The records must be retyped exactly, with no pictures included.

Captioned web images

== == ==

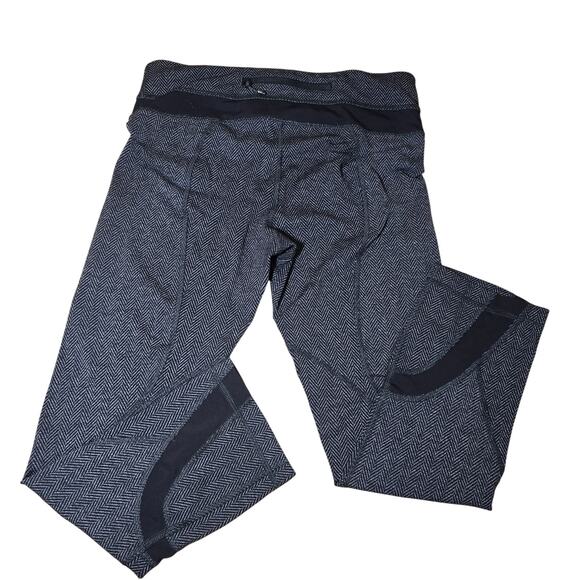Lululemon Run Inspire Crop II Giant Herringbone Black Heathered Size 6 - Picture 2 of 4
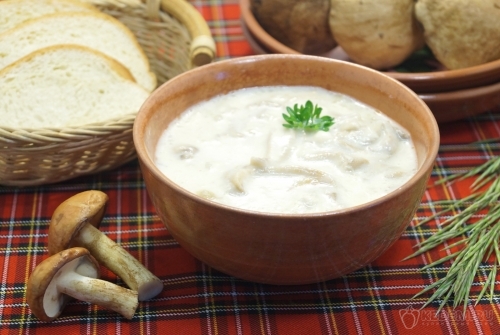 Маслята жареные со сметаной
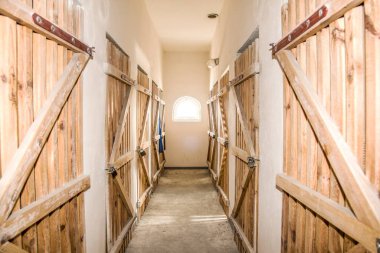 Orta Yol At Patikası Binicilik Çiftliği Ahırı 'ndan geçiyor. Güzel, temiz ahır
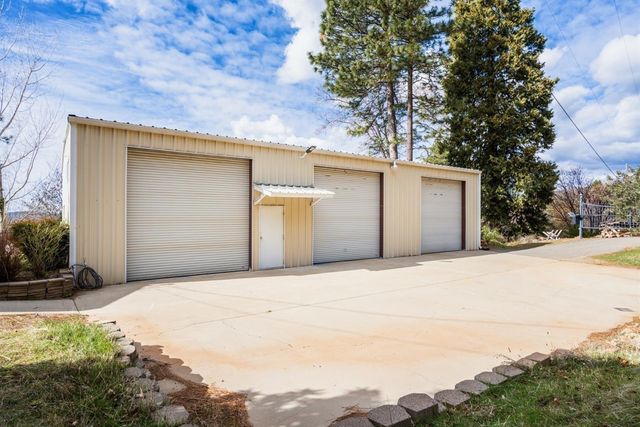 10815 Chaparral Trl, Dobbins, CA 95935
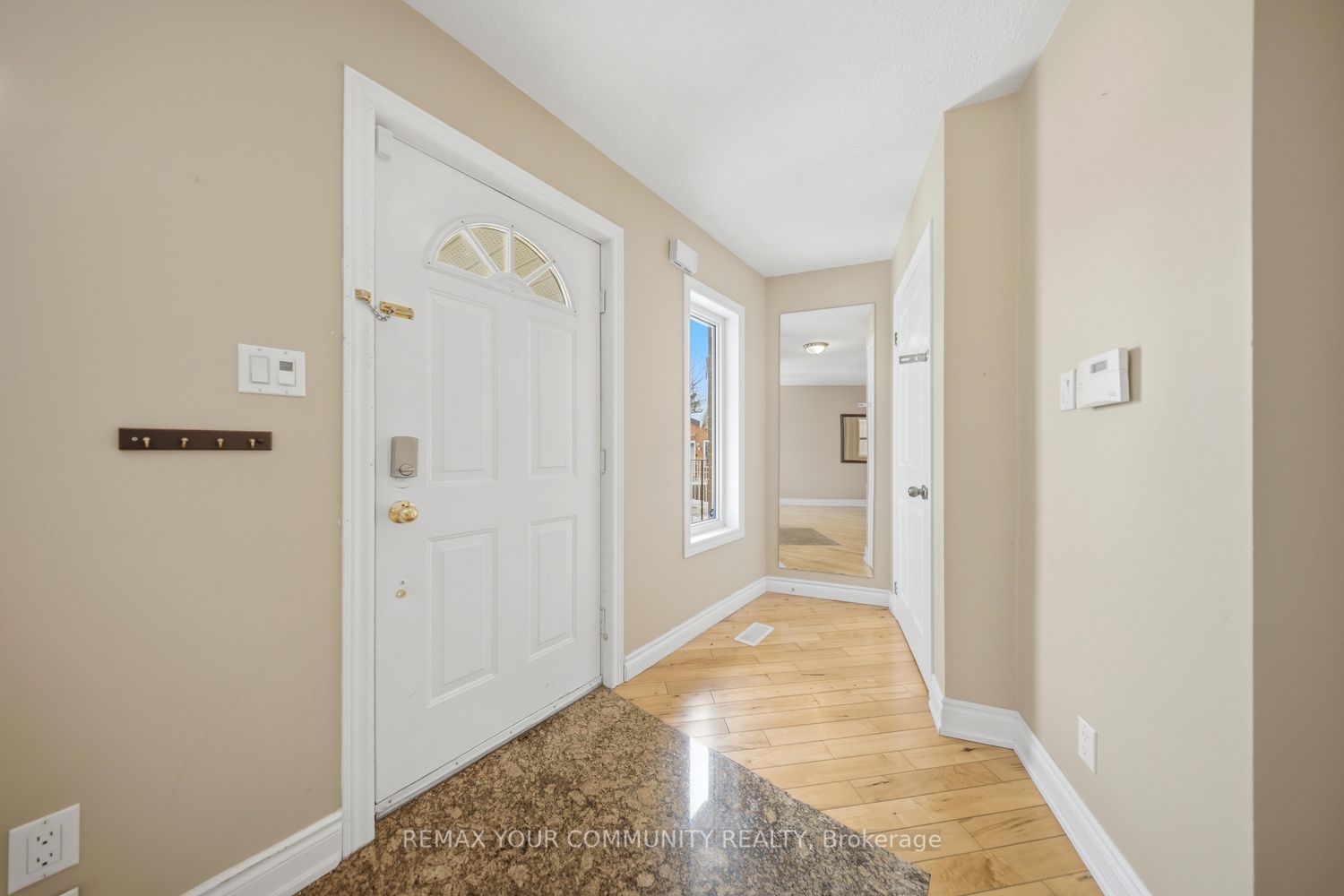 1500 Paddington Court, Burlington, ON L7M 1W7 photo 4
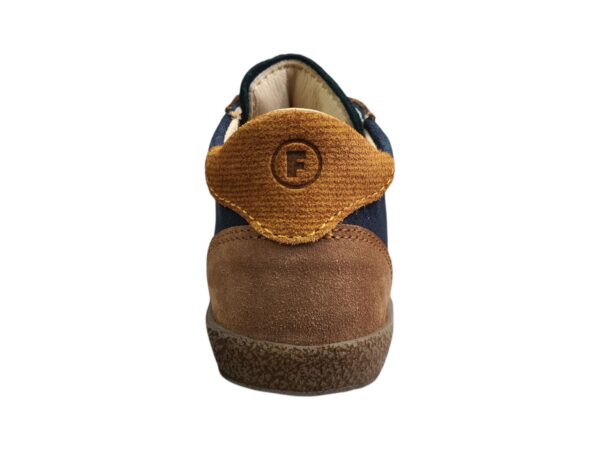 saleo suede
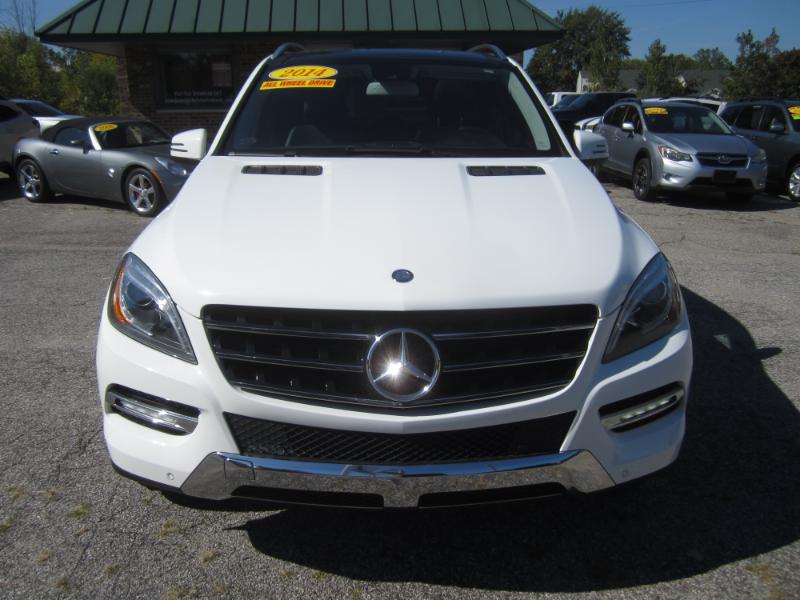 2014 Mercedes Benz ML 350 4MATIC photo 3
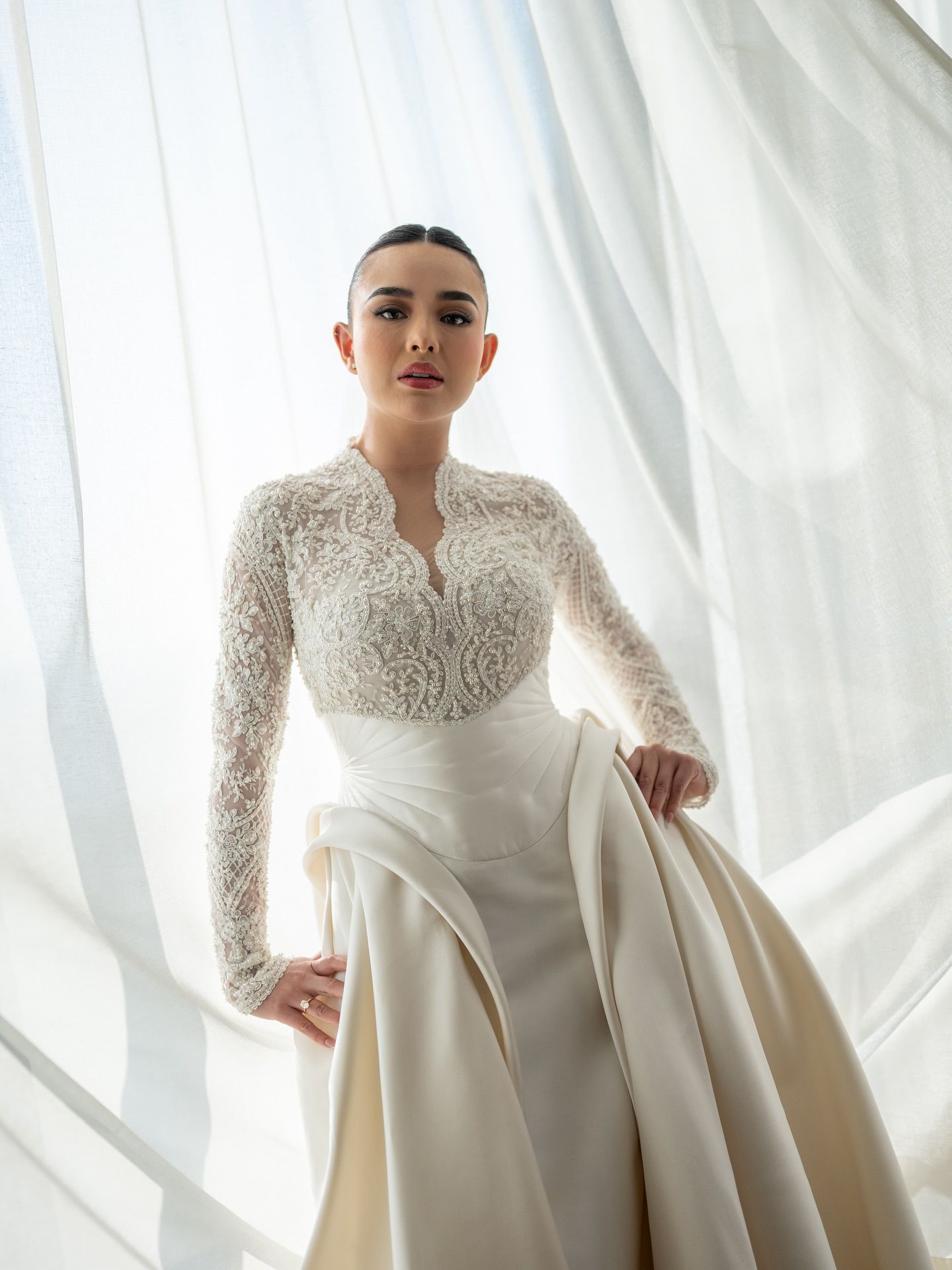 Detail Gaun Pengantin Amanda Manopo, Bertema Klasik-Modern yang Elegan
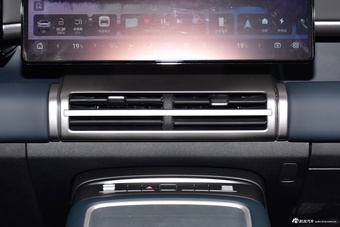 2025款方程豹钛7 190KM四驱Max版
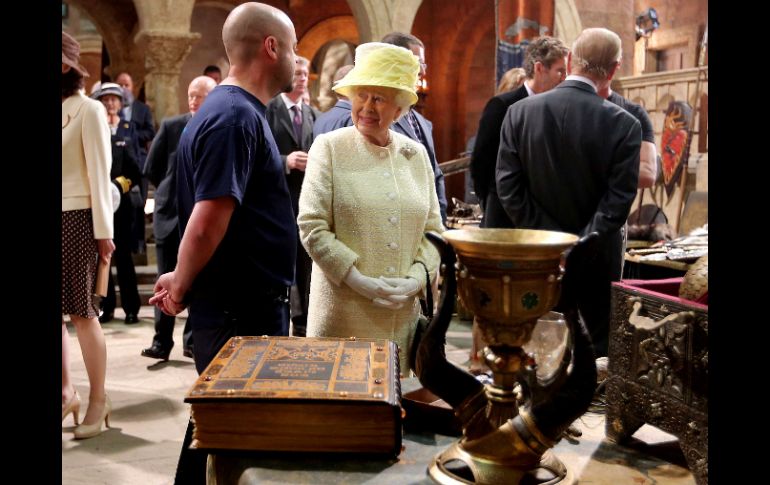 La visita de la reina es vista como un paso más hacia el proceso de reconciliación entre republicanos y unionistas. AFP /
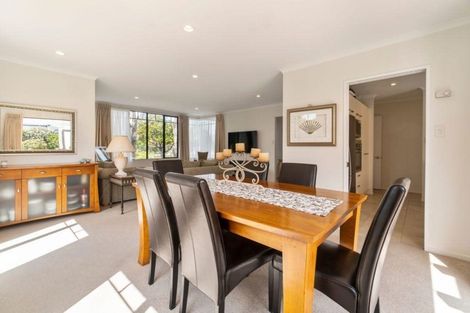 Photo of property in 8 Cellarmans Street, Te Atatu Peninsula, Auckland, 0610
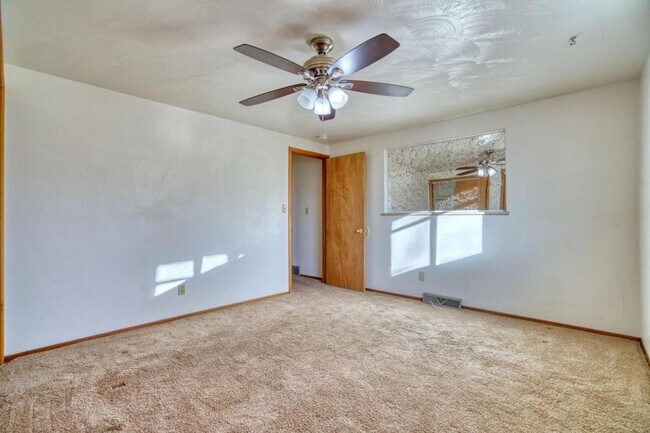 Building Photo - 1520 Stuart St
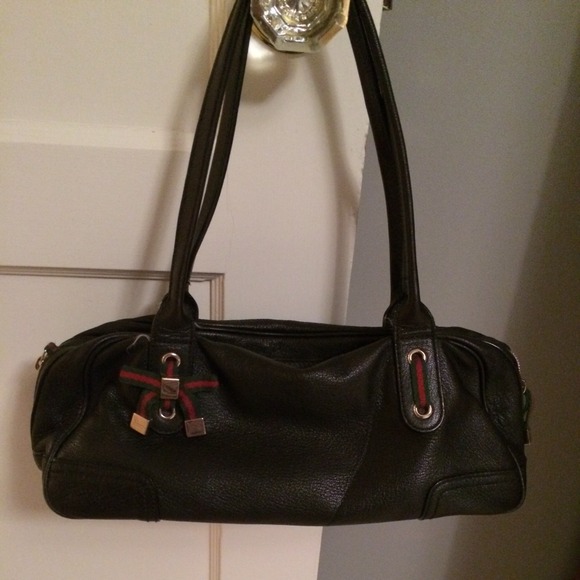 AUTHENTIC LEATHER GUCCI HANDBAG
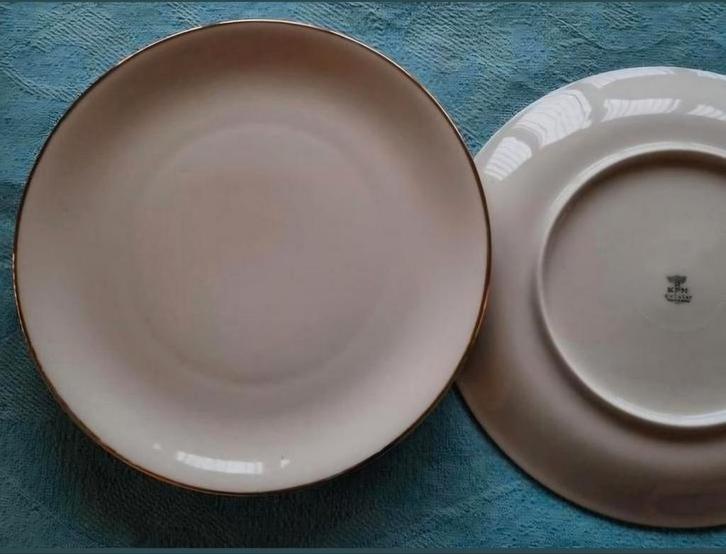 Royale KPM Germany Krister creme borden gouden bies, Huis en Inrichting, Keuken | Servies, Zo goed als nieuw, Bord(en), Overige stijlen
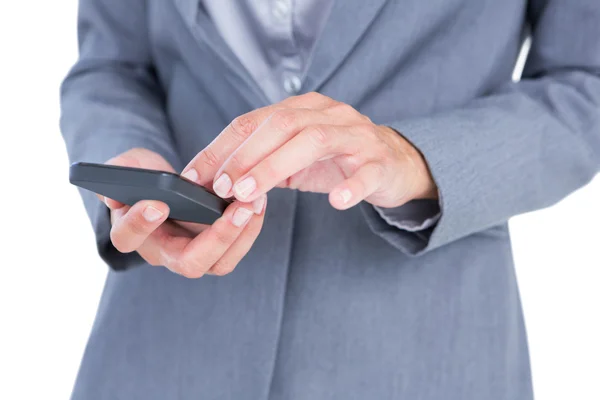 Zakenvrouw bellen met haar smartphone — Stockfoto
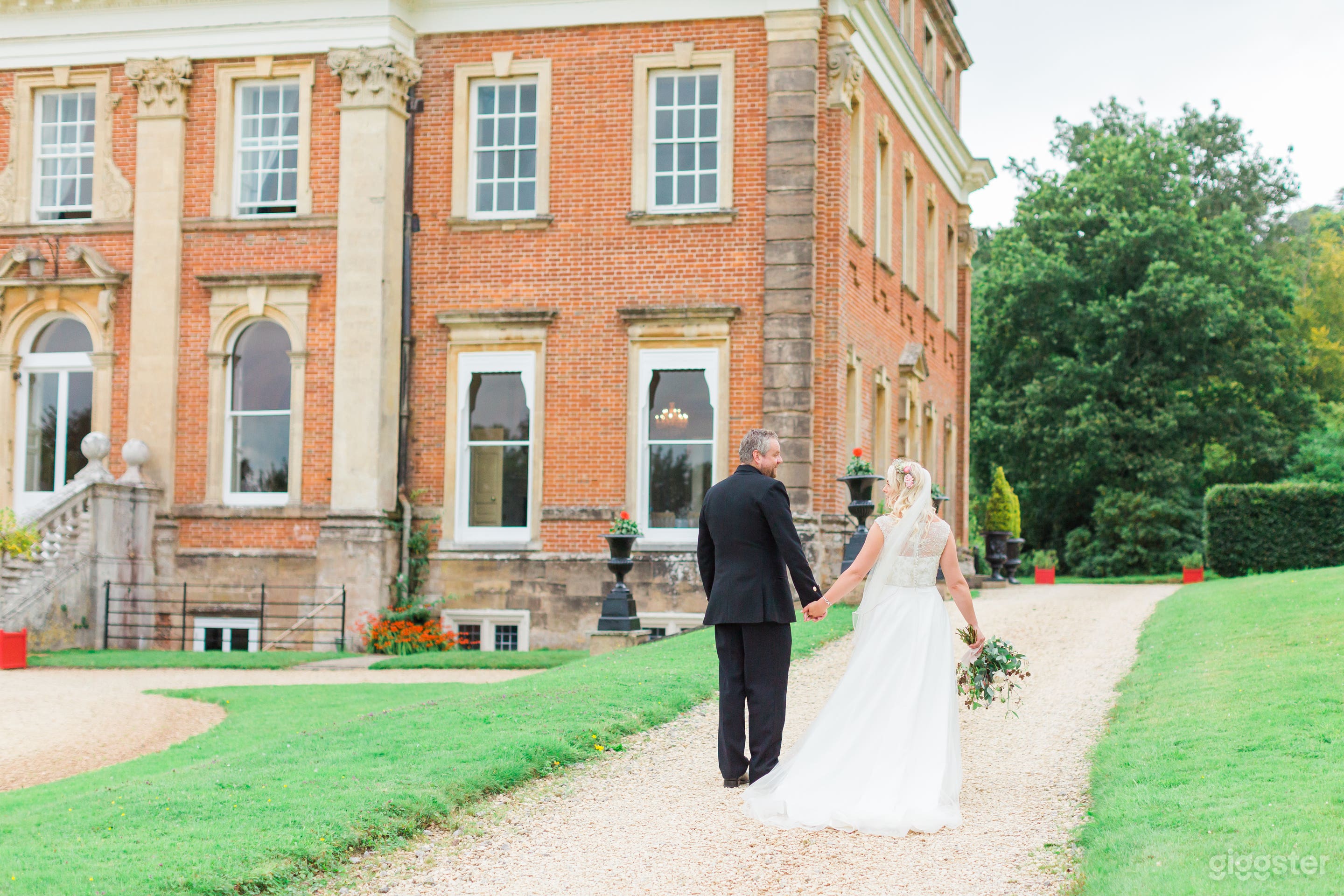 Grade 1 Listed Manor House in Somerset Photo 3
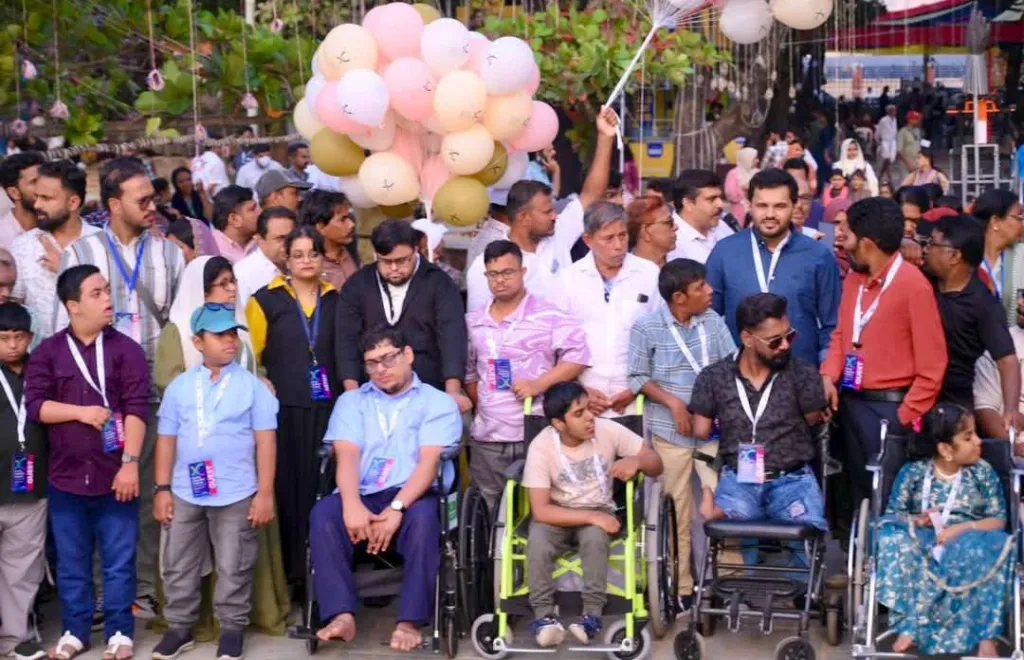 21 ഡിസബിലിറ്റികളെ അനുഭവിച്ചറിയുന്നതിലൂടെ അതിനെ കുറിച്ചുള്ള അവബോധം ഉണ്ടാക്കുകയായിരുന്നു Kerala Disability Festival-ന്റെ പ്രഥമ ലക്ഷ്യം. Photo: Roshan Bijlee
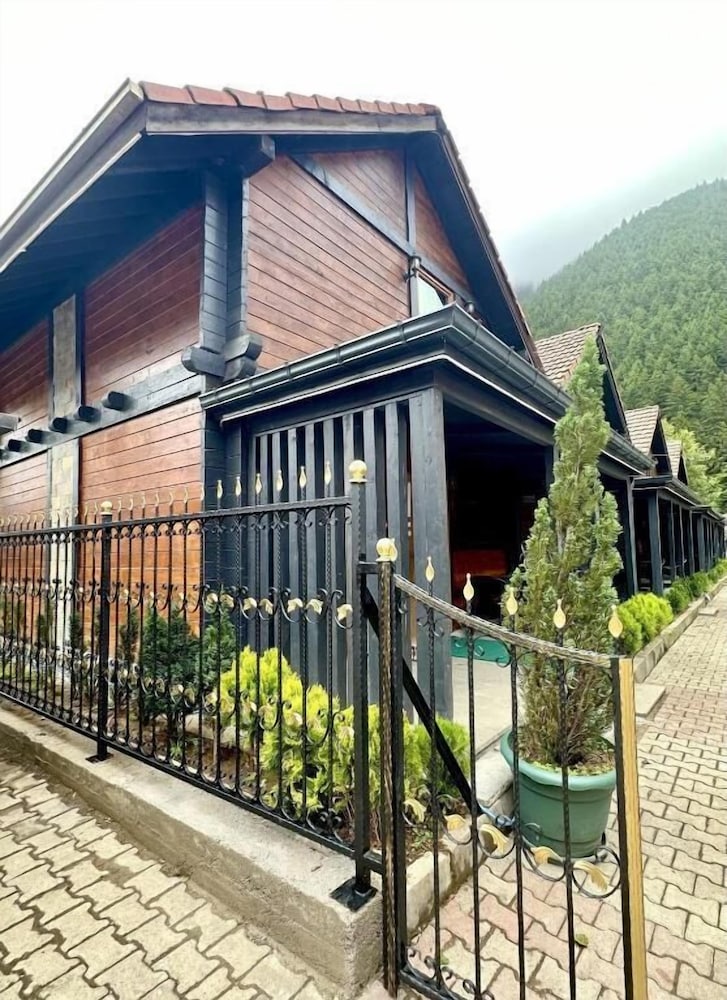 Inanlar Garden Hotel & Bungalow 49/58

== == ==

» **ANSWER TO THE EXERCISE**:
Lululemon Run Inspire Crop II Giant Herringbone Black Heathered Size 6 - Picture 2 of 4
 Маслята жареные со сметаной
 Orta Yol At Patikası Binicilik Çiftliği Ahırı 'ndan geçiyor. Güzel, temiz ahır
 10815 Chaparral Trl, Dobbins, CA 95935
 1500 Paddington Court, Burlington, ON L7M 1W7 photo 4
 saleo suede
 2014 Mercedes Benz ML 350 4MATIC photo 3
 Detail Gaun Pengantin Amanda Manopo, Bertema Klasik-Modern yang Elegan
 2025款方程豹钛7 190KM四驱Max版
 La visita de la reina es vista como un paso más hacia el proceso de reconciliación entre republicanos y unionistas. AFP /
 Photo of property in 8 Cellarmans Street, Te Atatu Peninsula, Auckland, 0610
 Building Photo - 1520 Stuart St
 AUTHENTIC LEATHER GUCCI HANDBAG
 Royale KPM Germany Krister creme borden gouden bies, Huis en Inrichting, Keuken | Servies, Zo goed als nieuw, Bord(en), Overige stijlen
 Zakenvrouw bellen met haar smartphone — Stockfoto
 Grade 1 Listed Manor House in Somerset Photo 3
 21 ഡിസബിലിറ്റികളെ അനുഭവിച്ചറിയുന്നതിലൂടെ അതിനെ കുറിച്ചുള്ള അവബോധം ഉണ്ടാക്കുകയായിരുന്നു Kerala Disability Festival-ന്റെ പ്രഥമ ലക്ഷ്യം. Photo: Roshan Bijlee
 Inanlar Garden Hotel & Bungalow 49/58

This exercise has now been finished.